# What effect did Galadriel have on Boromir?



## Eledhwen

Galadriel looked into the heart of each of the Fellowship.

What was it that Galadriel saw in Boromir's heart?
Was he aware of it before she shone a light on his deep longings?

Did he try to take the ring so soon because Galadriel awoke the desire in him, or did he set out intending to take the Ring by force if it were not taken to Gondor willingly?


----------



## Niniel

I think she just saw what would happen. Boromir knew the Ring was a powerful weapon and wanted it to be used by Gondor before it happened, but he was sure that that was the way they were going, so until it became clear that Frodo wanted to take the Ring to Mordor there was no reason for Boromir to take it. Galadriel saw in Boromir's heart that he would not be able to resist the Ring, but she did not influence him to take it by making him aware of its power.


----------



## Ithrynluin

Well, Galadriel just tested each of them with their own desire. Like Niniel says, Boromir realized the power of the One in Rivendell already. The fact that he tried to snatch the Ring from Frodo at Parth Galen has simply to do with the Ring's proximity to Boromir. The ring 'calls' to everyone, tempting them to take it and projecting images of greatness and power into their minds. Boromir was just the first (and only) one to fall to its lure.


----------



## Eledhwen

I think Boromir was fully aware of the Ring's power after his stay in Rivendell, and I agree with Niniel - Boromir could delay persuading Frodo to hand him the Ring for Gondor's sake until they got there, so he did not conciously entertain any thoughts on the matter until Galadriel showed him his heart. It seemed to me that of the whole fellowship, Boromir reacted least favourably to the experience.

If Faramir had gone to Imladris instead, I wonder who would have been the first to try to take the Ring?


----------



## ltas

And if Galadriel saw such strong desire after the ring in Boromir why didn't he warn Aragorn or Frodo about it?


----------



## Beyond Wisdom

You are all right, perhaps, in the book it clearly explains this, Galadriel told Boromir of the downfall of Gondor in his mind, but that there was hope if there was power to defend it, and that weighed heavily on him, until he thought, that with the ring, he would have the power to protect Gondor, so the fact that he went after the ring, was the same reason frodo could not give it to Gandalf or anyone else to take in his stead, for they would use the ring, with the desire to do good, but in the end, having this extreme power would corrupt them, turning them evil, creating...well... a new sauron, or someone to take his place.
So Boromir only desired the ring to help his people, but men are weak and he could not resist the desire, and Galadriel knew this.
Boromir was not bad, as many think, he was just simply a man, and they desire power, Tolkien tries to express this many times, Boromir was as loyal a member of the fellowship as they all were, just after Lorien, the thoughts of his family and country became to much for him, and he desired the ring more greatly, afterward he realized his mistake and was in despair until he redeemed himself, and died, in the book, his deeds toward the ring are all but forgotten by all, even Frodo, and he is remembered as a great man.


----------



## BlackCaptain

*sniff*You sound so much like me when I first came....  
I see a bright future for you Beyond Wisdom, welcome aboard


----------



## Beyond Wisdom

Beleive me captain, I am nothing like you, for my mind far surpasses your own, but thanks for the welcome.


----------



## Gandalf White

> _Originally posted by Beyond Wisdom _
> *Beleive me captain, I am nothing like you, for my mind far surpasses your own, but thanks for the welcome. *



Uhhhh...wow.  Do you two know each other? If not......wow... 

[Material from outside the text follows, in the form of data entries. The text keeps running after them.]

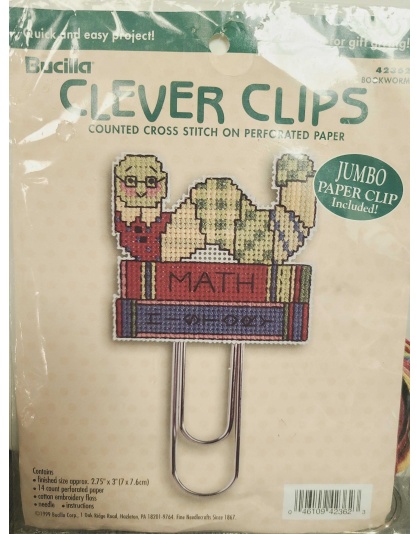 Bucilla Clever Clips Counted CrossStitch Bookworm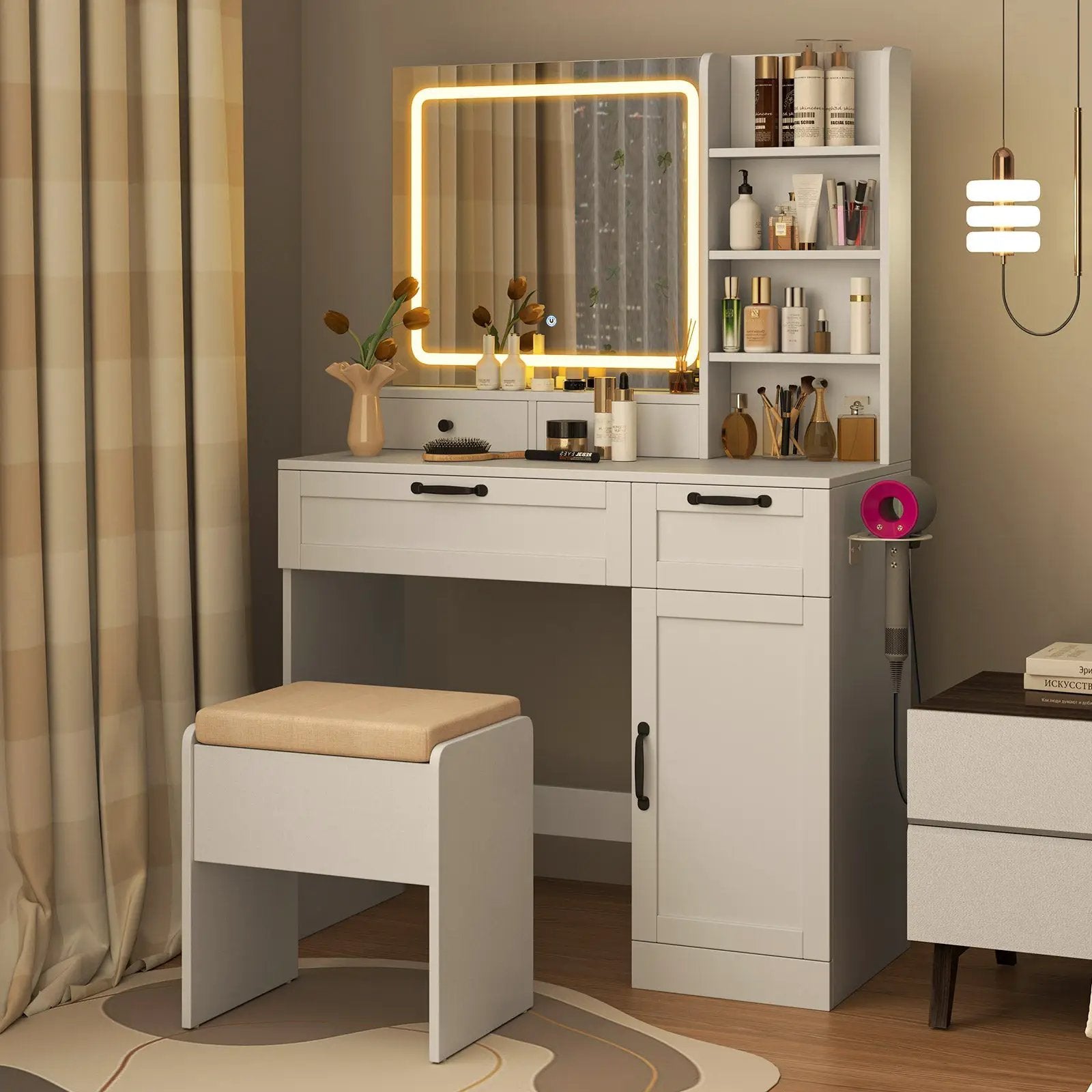 Vanity Set with Mirror and 3 Lighting Modes and Adjustable Brightness-White by DirectDeals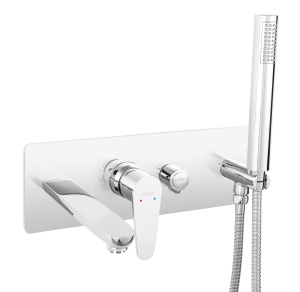 Baterie incastrata cada-dus Ferro Algeo cu set de dus inclus, crom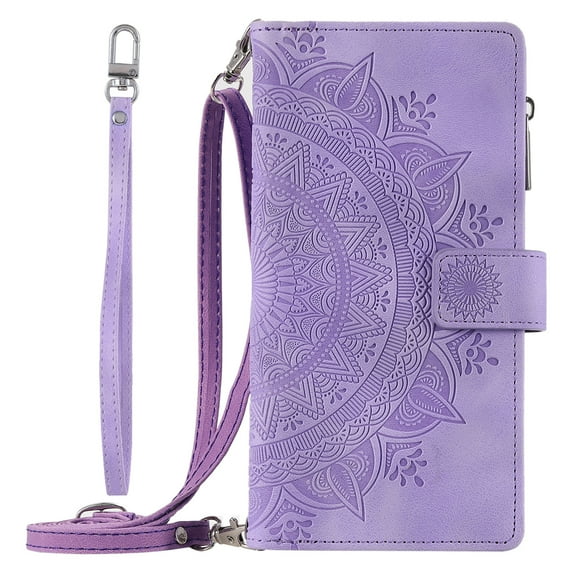 Galaxy S22 Case Zipper Wallet, Dteck Embossed PU Leather Folio Case with 8 Card Slots Wrist Lanyard Shoulder Strap Stand Cover for Samsung Galaxy S22, Purple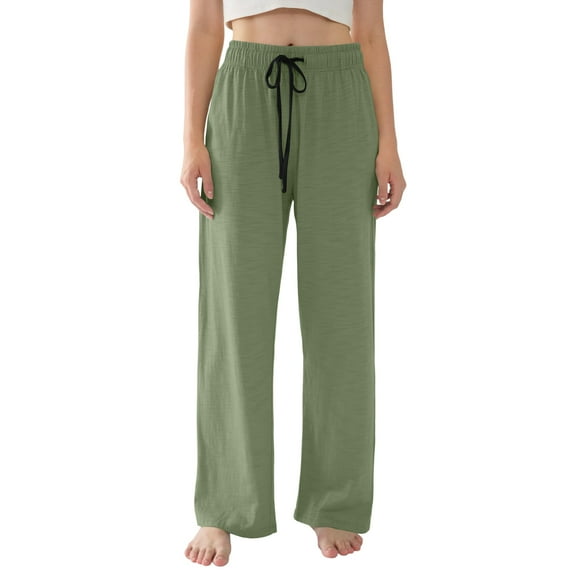 Women's Pajama Pants Lightweight Casual Comfy Palazzo Pants, Sleepwear Loungewear Bottoms with Pockets, Soft Wear,Green,L
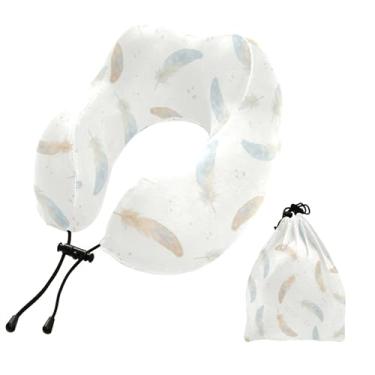 Imagem de Burbuja Almofada de pescoço de penas em aquarela para viagem, almofada de viagem de espuma viscoelástica para dormir, suporte de cabeça de avião de carro, lavável na máquina e portátil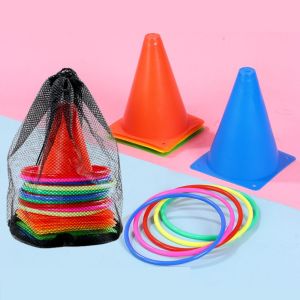 JIYAN2866 Plastic Ice Cream Cone Hoop 6 Cones + 10 Hoops With Storage Mesh Bag Sports Toss Toy Portable Color Random Throwing Hoop Toy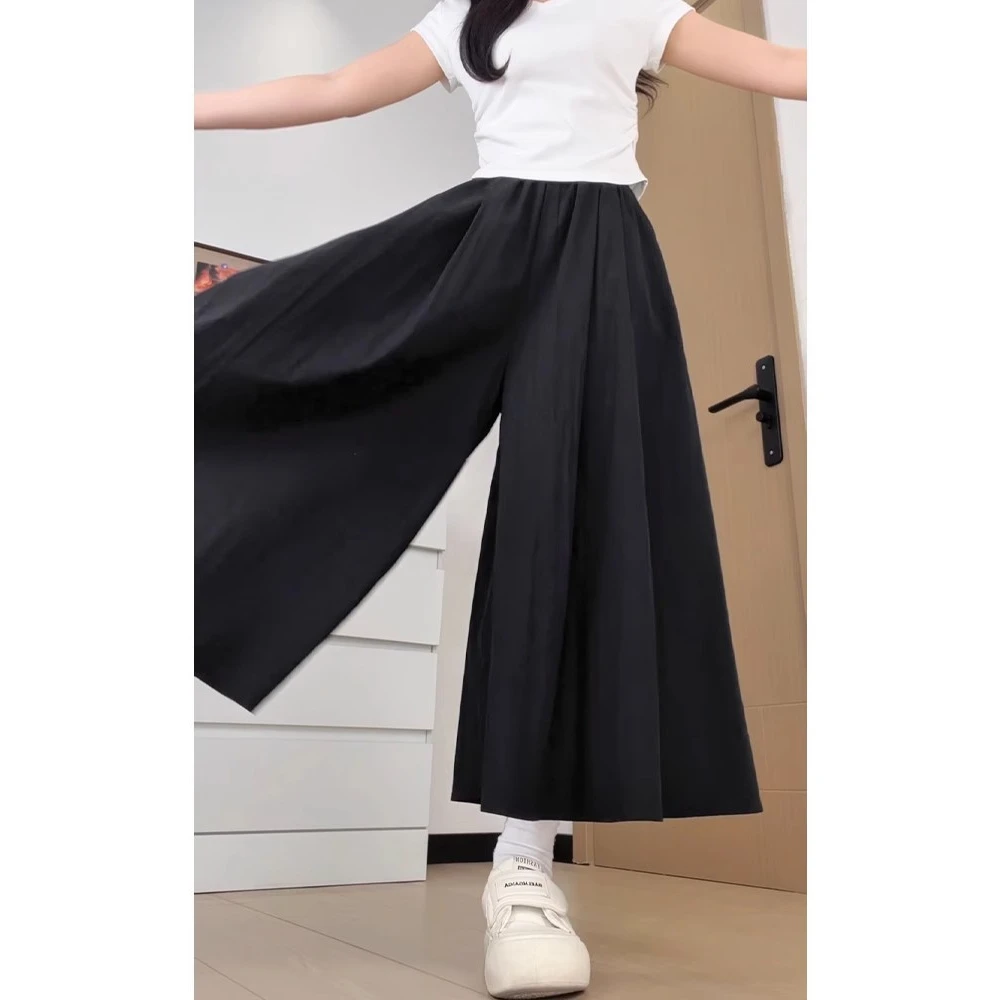 夏季裙裤薄款高腰新款慵懒垂感半身裙休闲山本冰丝阔腿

Sorry for the way-off-topic post, but I just have to know!


----------



## Beyond Wisdom

No, we do not know one another, and that was the problem as you see, for how could he compare himself with I? An insult to my intelligence, that I did not take lightly, but I was polite and thanked him for the welcome.

Stop with the insults. -- Ithrynluin


----------



## Eledhwen

Welcome "Beyond Wisdom". I hope your Tolkien Lore matches your arrogance (which would then no longer be arrogance, but fair comment), and that you will sign up for some debates


----------



## DurinLongBeard

My dear Lord, who do you think you are Beyond Wisdom? I don't think you understand, this a forum about Tolkien's Works. No one cares about how smart you are. BC was saying that when he came to this forum, he would say things just like you did, except he wasn't a punk. 
I have been here a while, though I don't post often. How would you know how smart BC is? An insult to HIS intelligence, if i might go so far. 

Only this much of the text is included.